• [EXERCISE REQUIREMENTS] Omit the images. Copy each entry word for word.

• [MATERIAL SHOWN]
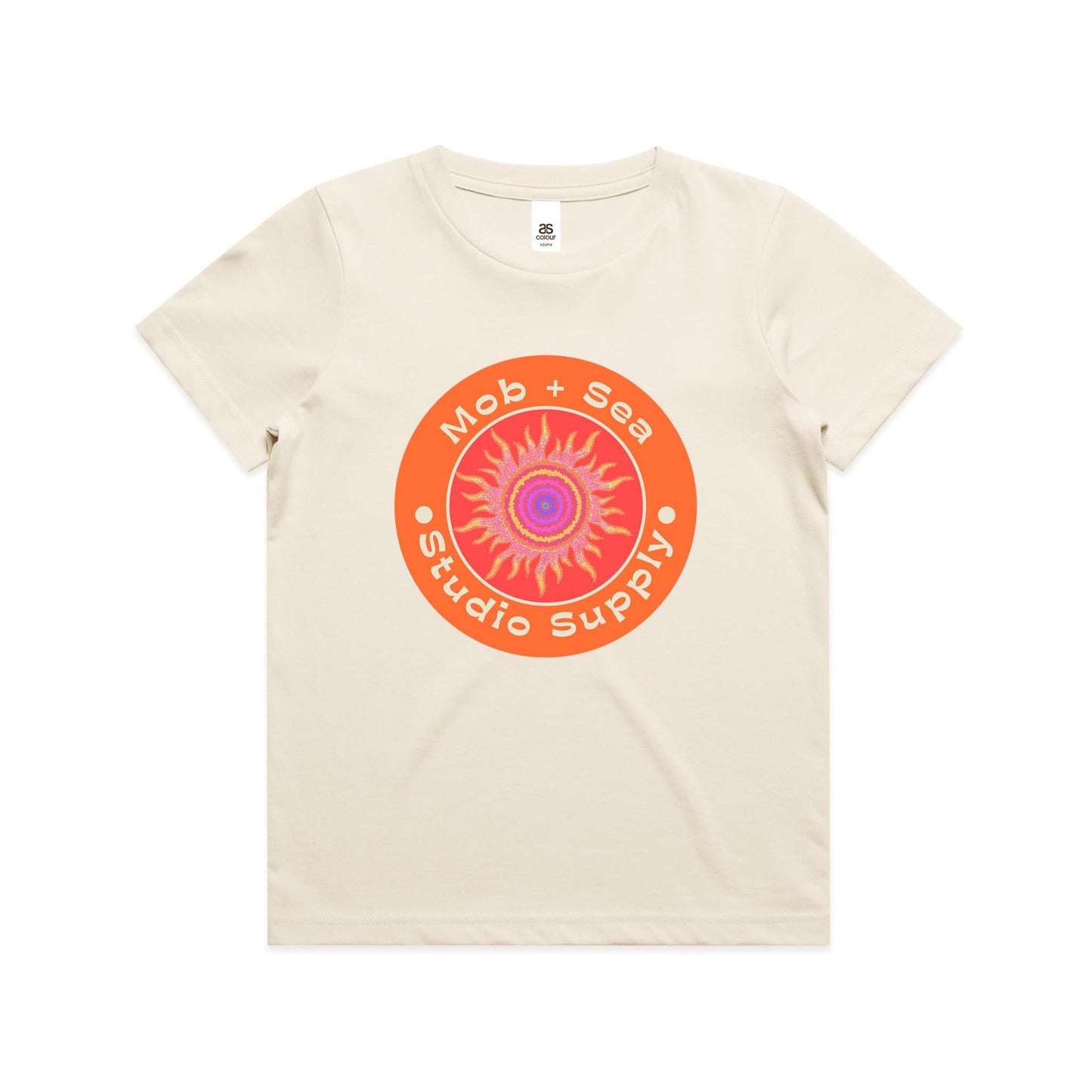 Mob Sun Orange Youth Staple Tee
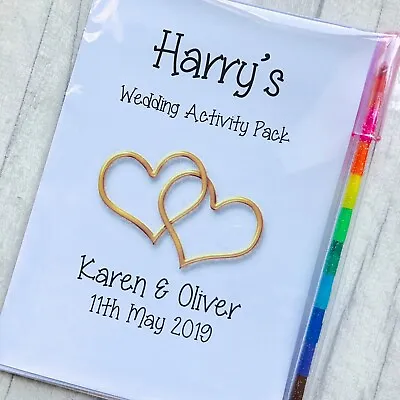 £1.99 • Buy Childrens Personalised A6 Wedding Activity Book Favour Gift Party Bag Pack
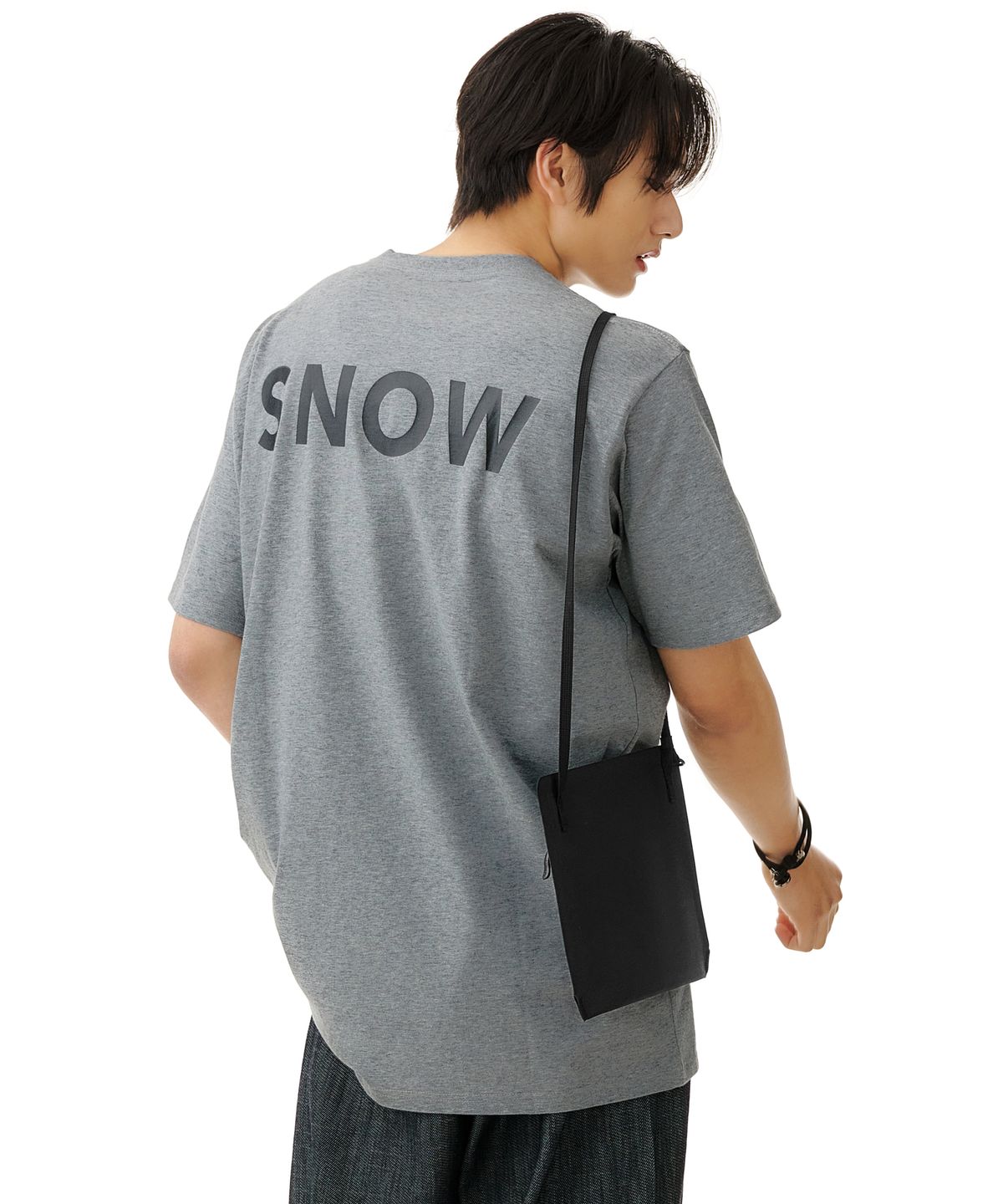 스노우피크(SNOWPEAK) 리플렉티브 프린티드 티셔츠 SP - 멜란지 그레이 / TS-22SU101MG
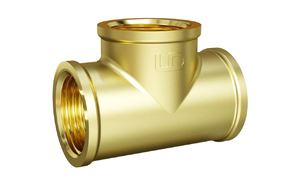 Тройник LD Pride DN15 (1/2") ВР/ВР/ВР латунь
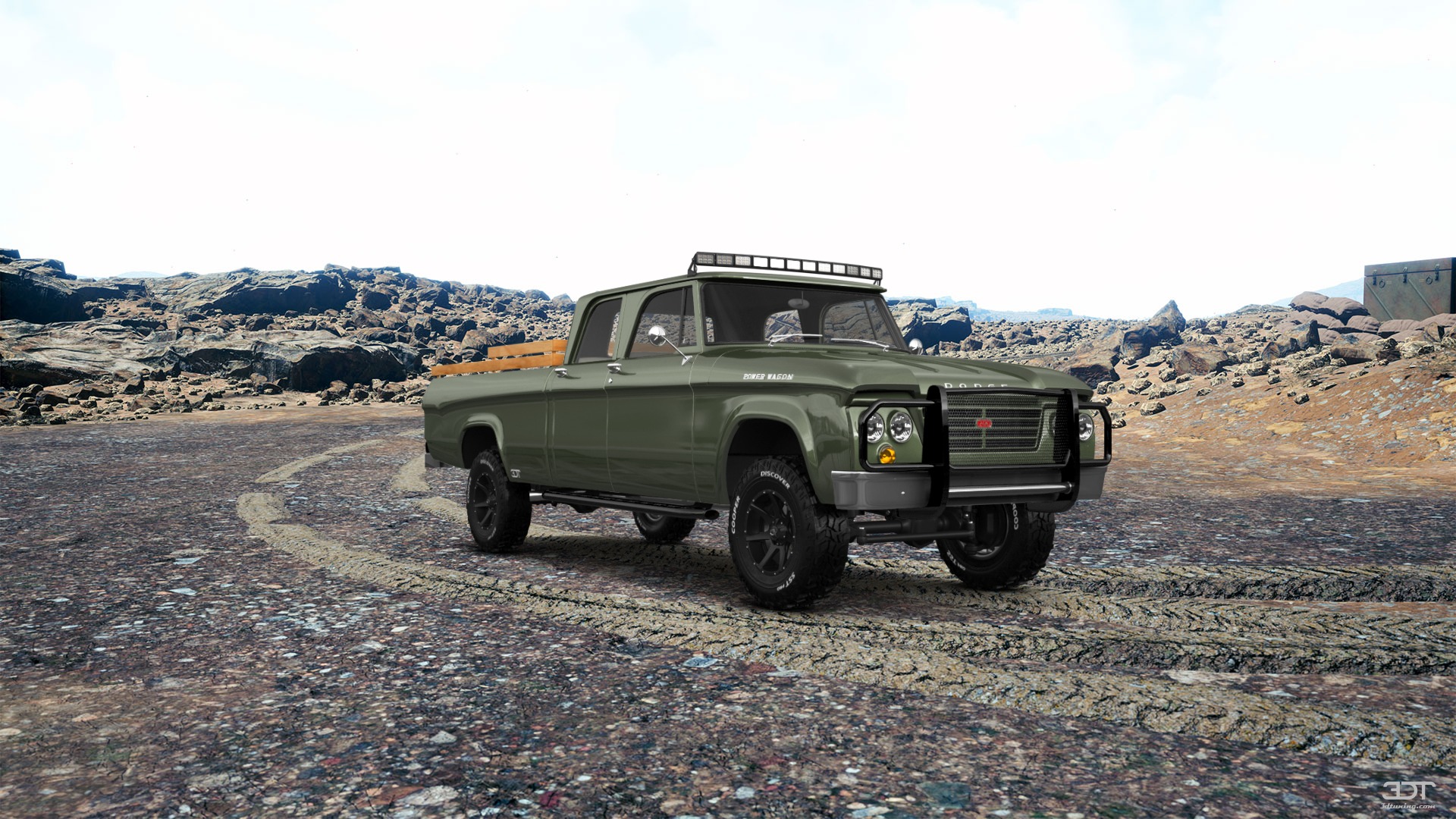 Dodge Power Wagon 4 Door pickup truck 1964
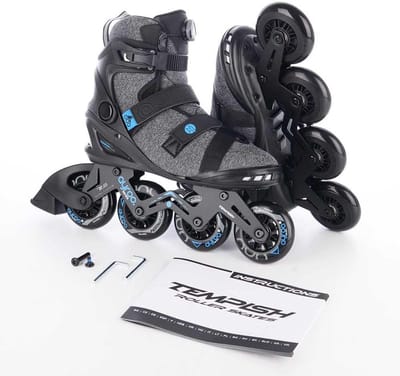 Skeelers - Inline skates - Sportief skaten - Aluminium frame - 84 mm - Zwart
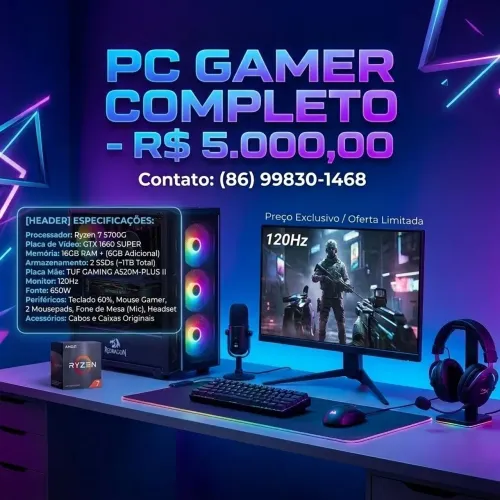 Computador Gamer Completo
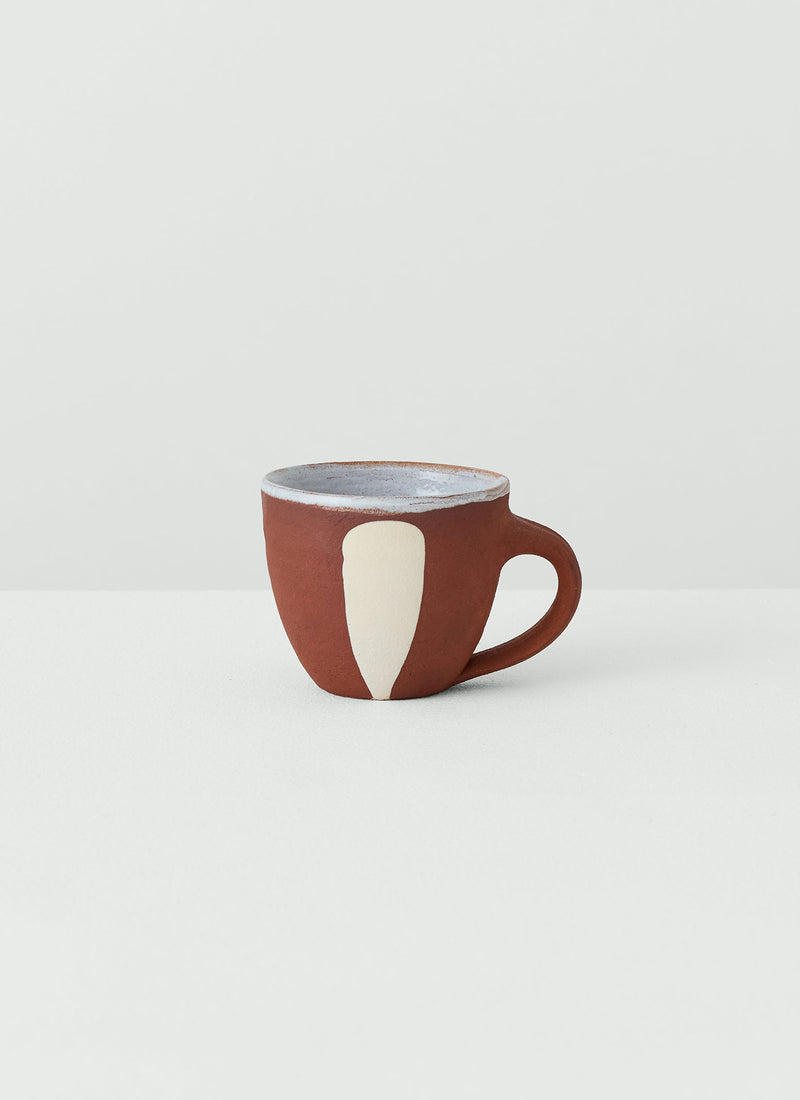 Shannon Bartlett-Smith Mug | Iron Red/Ecru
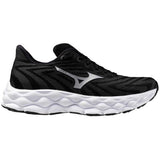 Tenis Running Mizuno WAVE SKY 8 Negro Plata Mujer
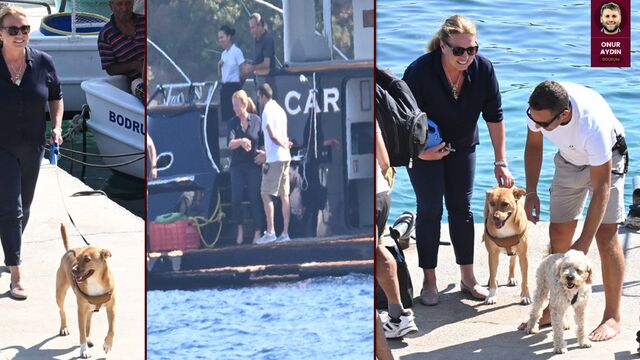 Koç'un ultra lüks Bodrum tatili...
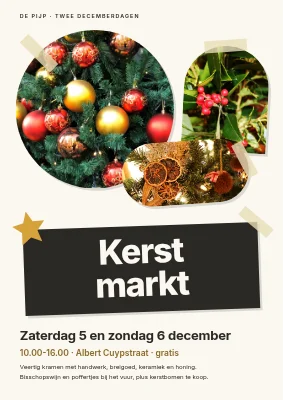 Kerstmarkt — uitgeknipte collage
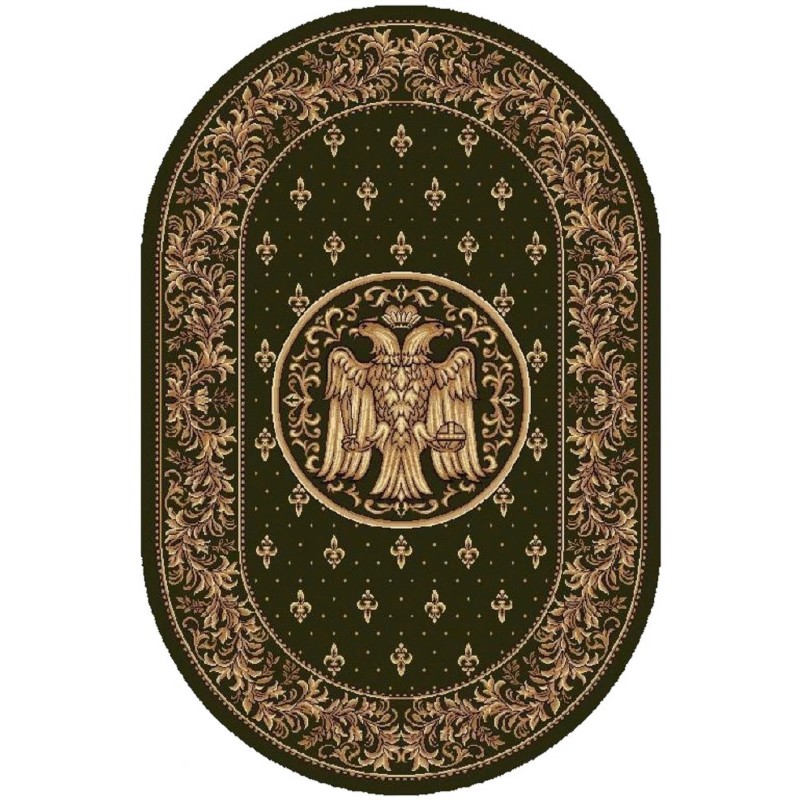 Covor Bisericesc Oval, 200 x 300 cm, Verde, Lotos 15032/210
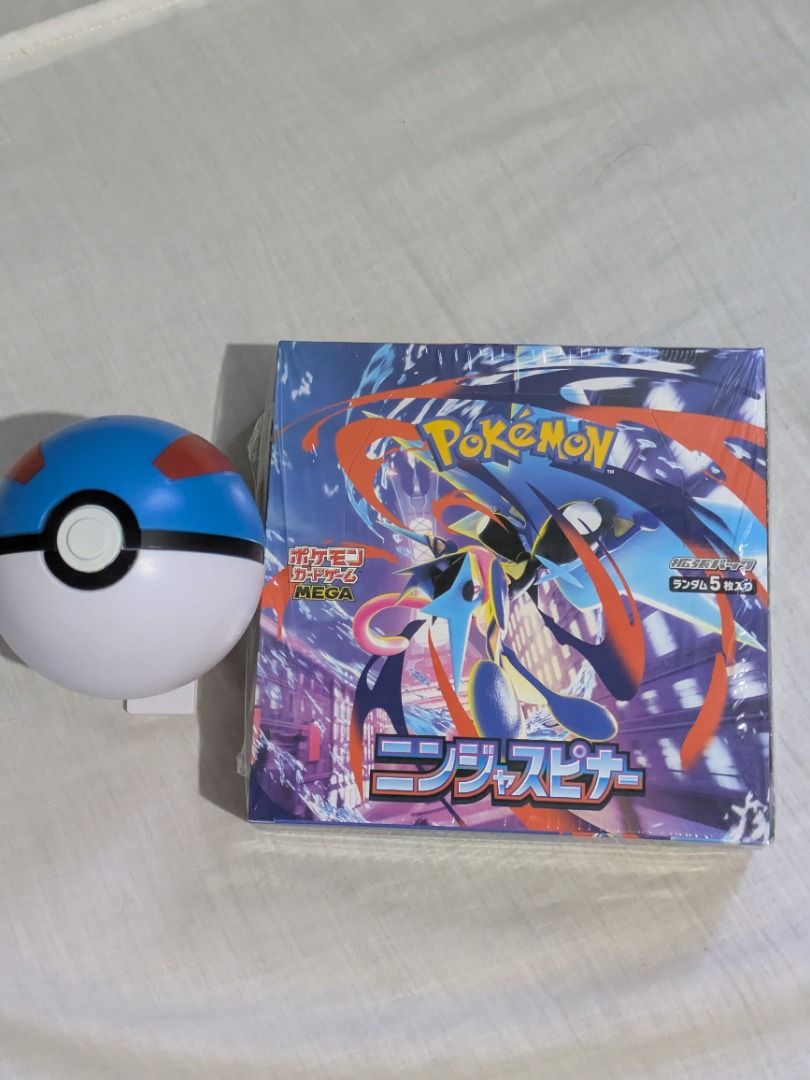 Pokemon Mega Ninja Spinner Booster Box (Category: Card Boxes & Cases) located in Manila. Submitted by yomel.a (Listing ID 1446911515, Image 1). Description: - Sealed Pokemon TCG Booster Box.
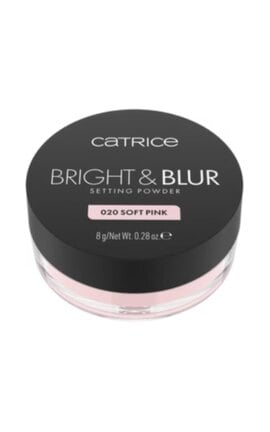 CATRICE-Рассыпчатая пудра для лица Catrice Bright & Blur Setting Powder 020 Soft Pink 8 г-4059729548177-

• [OUTPUT]
 Mob Sun Orange Youth Staple Tee
 £1.99 • Buy Childrens Personalised A6 Wedding Activity Book Favour Gift Party Bag Pack
 스노우피크(SNOWPEAK) 리플렉티브 프린티드 티셔츠 SP - 멜란지 그레이 / TS-22SU101MG
 Тройник LD Pride DN15 (1/2") ВР/ВР/ВР латунь
 Dodge Power Wagon 4 Door pickup truck 1964
 Skeelers - Inline skates - Sportief skaten - Aluminium frame - 84 mm - Zwart
 Computador Gamer Completo
 Shannon Bartlett-Smith Mug | Iron Red/Ecru
 Tenis Running Mizuno WAVE SKY 8 Negro Plata Mujer
 Koç'un ultra lüks Bodrum tatili...
 Kerstmarkt — uitgeknipte collage
 Covor Bisericesc Oval, 200 x 300 cm, Verde, Lotos 15032/210
 Pokemon Mega Ninja Spinner Booster Box (Category: Card Boxes & Cases) located in Manila. Submitted by yomel.a (Listing ID 1446911515, Image 1). Description: - Sealed Pokemon TCG Booster Box.
 CATRICE-Рассыпчатая пудра для лица Catrice Bright & Blur Setting Powder 020 Soft Pink 8 г-4059729548177-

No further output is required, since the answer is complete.